This RFM data analysis work focusses on assisting a UK retailer with re-adjusting its customer segmentation strategy by quantitatively re-ranking and re-grouping its customers based on the recency, frequency and monetary value of each transactional data per customer.
This adopted data-driven approach is expected to enable the firm to continuously better identify its best customers, appropriately re-segment its customer groups and undertake targeted marketing campaigns accordingly.
Sales Data: The dataset used for this analysis is the "data.csv" file, containing detailed information about each transaction made by the company's customers.

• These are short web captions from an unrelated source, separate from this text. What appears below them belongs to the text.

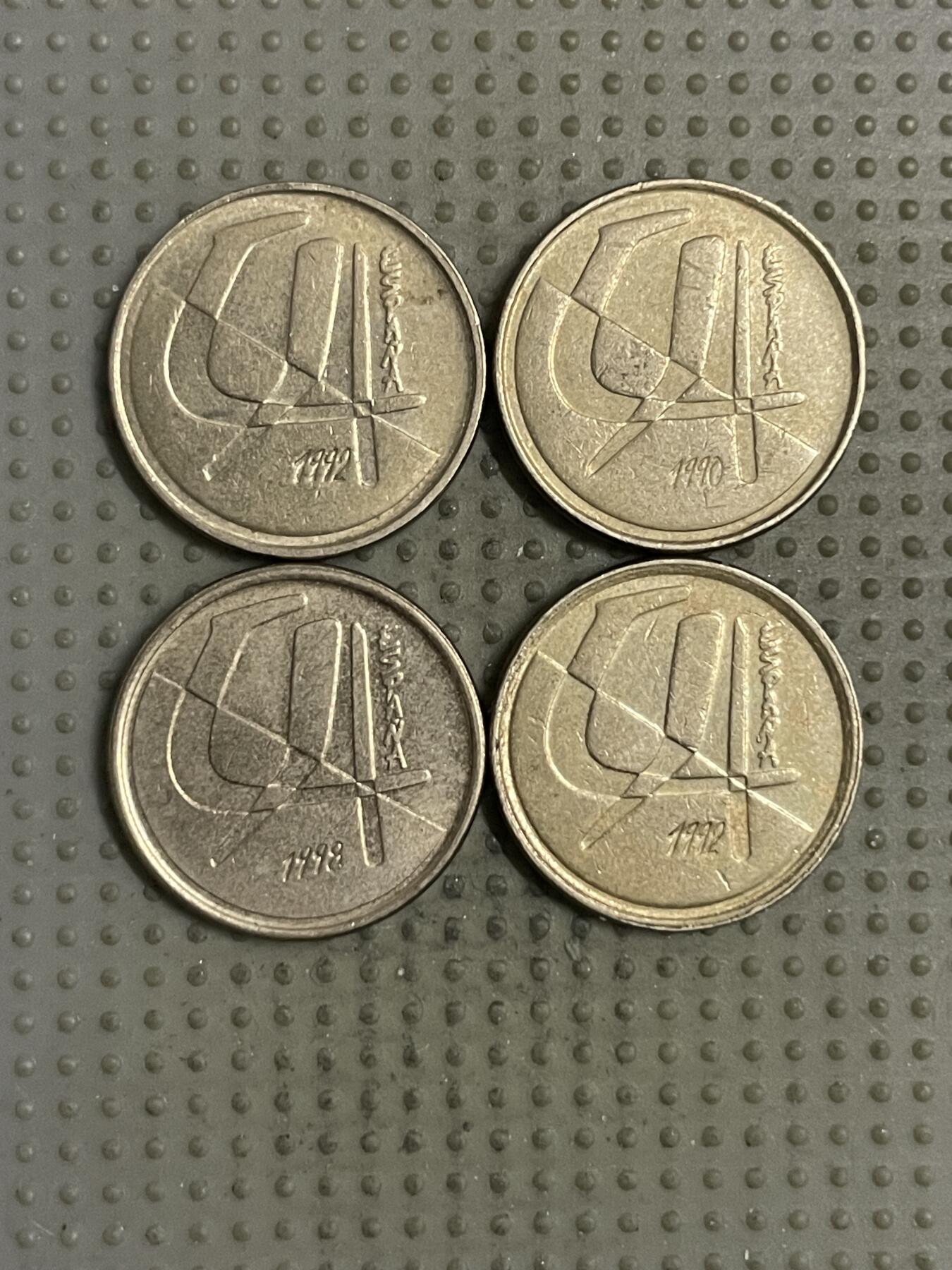 2025年第145场各国散币拍卖（总第145场） 西班牙5比赛塔4枚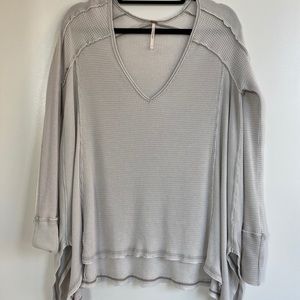 Free people long sleeve Gray shirt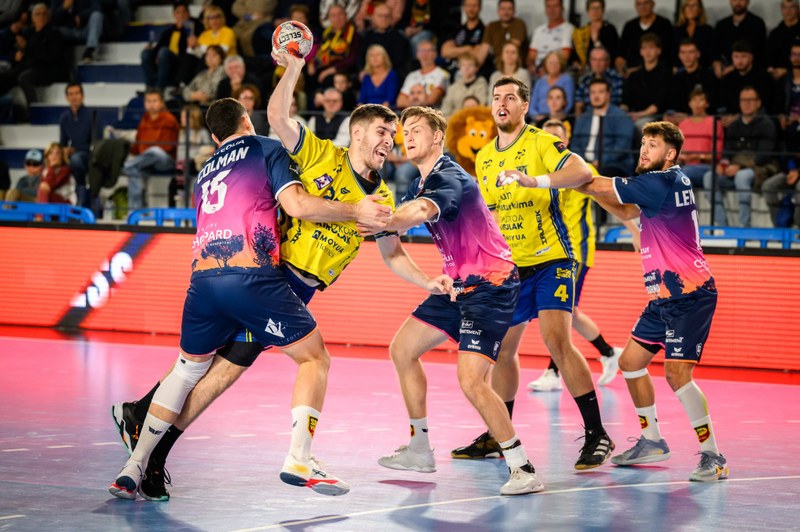 Irudek Bidasoa Irunek ezin izan zuen Saint Raphael garaitu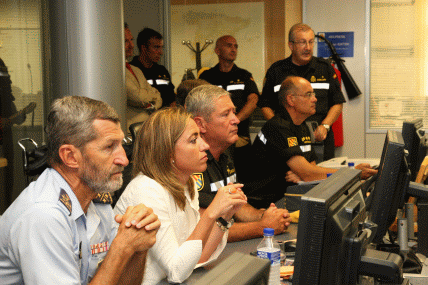 Carme Chacón visitó el Centro de Operaciones Conjunto (JOC)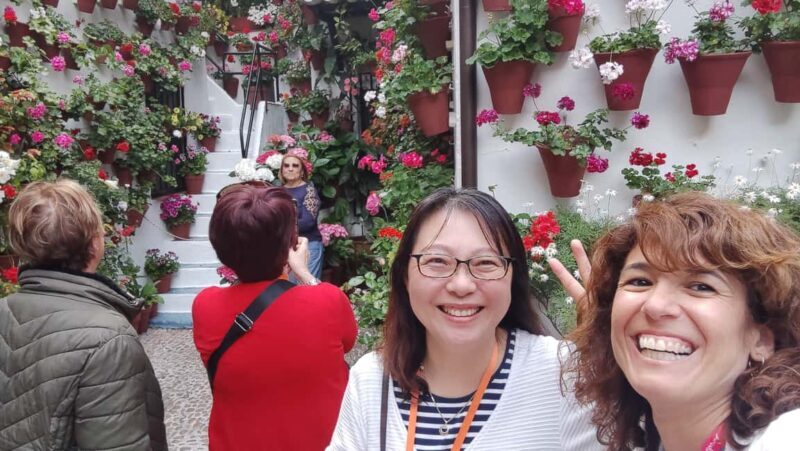 Córdoba Patio Competition: A unique experience of flowers and tradition. - Key Points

- PostgreSQL Server - Data Analysis
In the data preparation phase, I performed the following tasks:
- Data loading and inspection
- Handling missing values
- Data cleaning
EDA primarily involved exploring the complex transaction data to answer these key questions:
-
What percentage of all customers have achieved an ultimate RFM score of 100 or 125 out of 125 as its Champions?
-
For your information, customers receive a score from 1 to 5 from each category based on how recently, frequently and monetarily they have transacted with the retailer, benchmarked against other customers. For instance:
Recency Frequency Monetary 5* 5* 5 =125
-
-
How many potentially loyal customers can the retailer identify to upgrade them to Champions?
-
How many customers is the retailer at the risk of losing due to lack of interaction or some other reasons?
Compared to my Frequency and Monetary tables, I found the coding with the Recency table a bit more complex due to the natural need to also have to calculate the customers' last booking date beforehand:
WITH RECENCY AS(
WITH LAST_BOOKING_DATE_CALCS_TABLE AS(
SELECT "customerID",
MAX("invoiceDate") AS LAST_BOOKING_DATE
FROM CLEANED_UP_DATASET
GROUP BY 1
)
SELECT "customerID",
EXTRACT(DAY FROM ('2011-12-09 12:50:00'::timestamp - LAST_BOOKING_DATE)) AS RECENCY_VALUE
--As the dataset is somewhat old, we consider our last booking date the last processed invoice of a customer in the dataset
FROM LAST_BOOKING_DATE_CALCS_TABLE
)
In addition, I also found it very effective to assign, for instance, a recency score to each customer from 1 to 5, using the NTILE() window function:
SELECT "customerID",
RECENCY_VALUE,
...,
...,
--By means of NTILE functions, we are assigning each customer a recency, frequency and monetary score
--from 1 to 5 based on their resulting recency, frequency and monetary values
NTILE(5) OVER(ORDER BY RECENCY_VALUE DESC) AS RECENCY_SCORE,
...,
...,
FROM RECENCY
INNER JOIN FREQUENCY USING ("customerID")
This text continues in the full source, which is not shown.